PRINCETON – La crisis actual de Rusia, en particular el desplome del rublo, revela la fragilidad no sólo de la economía rusa, sino también del orden internacional vigente y de los fundamentos del pensamiento contemporáneo sobre la sostenibilidad económica y política. De hecho, la crisis de Rusia nunca debería haber ocurrido y su aislamiento cada vez mayor la priva de gran parte de su influencia en los mecanismos vigentes de gestión de los asuntos públicos mundiales.
Después de la crisis de deuda de Latinoamérica en el decenio de 1980 y la crisis financiera asiática en el periodo 1997-98 (que también afectó a Rusia), las economías en ascenso estaban decididas a encontrar la forma de evitar la repetición de esa experiencia.
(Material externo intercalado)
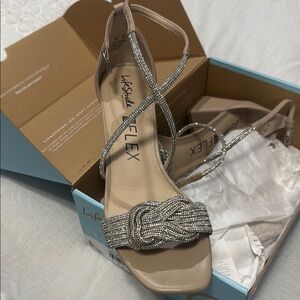 Life Stride Tan Heels Elegant Comfort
Determinaron tres claves para abordar los peligros de la mundialización financiera moderna: un gran margen de reservas para evitar los ataques especulativos; evitar los grandes déficits por cuenta corriente (y utilizar los superávits para acumular reservas); y una escasa deuda exterior y privada.
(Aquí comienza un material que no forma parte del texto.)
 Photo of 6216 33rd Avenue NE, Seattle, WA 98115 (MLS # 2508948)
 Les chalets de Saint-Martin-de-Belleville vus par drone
Además, las economías en ascenso aprovecharon las enseñanzas en materia de gestión de los asuntos públicos, al reconocer el imperativo de mejorar la transparencia y reducir la corrupción, y las autoridades de las entidades financieras dedicaron considerable atención a determinar cuáles podrían ser unos indicadores de alerta.
Antes de 2014, Rusia estaba obteniendo buenos resultados conforme a todos esos criterios. No había signos de alerta. En 2013, la deuda exterior del sector público ascendía a tan sólo un 3,8 por ciento del PIB y la deuda exterior del sector privado representaba un moderado 30,2 por ciento del PIB. En la primavera pasada, las reservas de divisas del país ascendían a unos excelentes 472.000 millones de dólares, a los que contribuía un superávit importante por cuenta corriente, y, según el Banco Central de Rusia, el total de activos extranjeros del país ascendía a 1,4 billones de dólares, superiores a sus 1,2 billones de dólares de pasivo.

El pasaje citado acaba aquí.